Up to and including the line with "Vorderes Coverbild Hunde züchten", restate the records below word for word, beginning with their first line.

•••

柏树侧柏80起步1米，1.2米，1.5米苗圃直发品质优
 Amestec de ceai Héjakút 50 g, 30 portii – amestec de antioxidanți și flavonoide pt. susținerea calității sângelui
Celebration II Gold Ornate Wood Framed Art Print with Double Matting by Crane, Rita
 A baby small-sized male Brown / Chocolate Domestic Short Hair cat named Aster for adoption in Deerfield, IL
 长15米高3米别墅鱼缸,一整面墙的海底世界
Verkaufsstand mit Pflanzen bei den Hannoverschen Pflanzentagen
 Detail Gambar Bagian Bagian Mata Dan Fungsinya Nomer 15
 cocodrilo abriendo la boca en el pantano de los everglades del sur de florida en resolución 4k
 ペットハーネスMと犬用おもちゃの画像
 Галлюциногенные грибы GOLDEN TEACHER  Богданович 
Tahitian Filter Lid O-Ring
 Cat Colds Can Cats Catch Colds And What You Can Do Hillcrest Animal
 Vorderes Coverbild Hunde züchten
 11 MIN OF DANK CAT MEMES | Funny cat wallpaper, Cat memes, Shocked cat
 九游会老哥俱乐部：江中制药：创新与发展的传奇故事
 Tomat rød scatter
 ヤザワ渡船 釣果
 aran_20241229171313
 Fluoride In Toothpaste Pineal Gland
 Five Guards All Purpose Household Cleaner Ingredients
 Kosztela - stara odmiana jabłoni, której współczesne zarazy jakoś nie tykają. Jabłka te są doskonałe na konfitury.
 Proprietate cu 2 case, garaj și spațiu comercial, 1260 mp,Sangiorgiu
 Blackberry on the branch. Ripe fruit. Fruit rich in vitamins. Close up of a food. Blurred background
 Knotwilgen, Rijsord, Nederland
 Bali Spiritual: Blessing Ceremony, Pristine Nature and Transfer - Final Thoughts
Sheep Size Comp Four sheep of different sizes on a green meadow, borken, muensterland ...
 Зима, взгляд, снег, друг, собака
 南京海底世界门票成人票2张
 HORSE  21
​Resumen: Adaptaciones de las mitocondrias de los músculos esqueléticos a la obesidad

•••

Answer -
柏树侧柏80起步1米，1.2米，1.5米苗圃直发品质优
 Amestec de ceai Héjakút 50 g, 30 portii – amestec de antioxidanți și flavonoide pt. susținerea calității sângelui
Celebration II Gold Ornate Wood Framed Art Print with Double Matting by Crane, Rita
 A baby small-sized male Brown / Chocolate Domestic Short Hair cat named Aster for adoption in Deerfield, IL
 长15米高3米别墅鱼缸,一整面墙的海底世界
Verkaufsstand mit Pflanzen bei den Hannoverschen Pflanzentagen
 Detail Gambar Bagian Bagian Mata Dan Fungsinya Nomer 15
 cocodrilo abriendo la boca en el pantano de los everglades del sur de florida en resolución 4k
 ペットハーネスMと犬用おもちゃの画像
 Галлюциногенные грибы GOLDEN TEACHER  Богданович 
Tahitian Filter Lid O-Ring
 Cat Colds Can Cats Catch Colds And What You Can Do Hillcrest Animal
 Vorderes Coverbild Hunde züchten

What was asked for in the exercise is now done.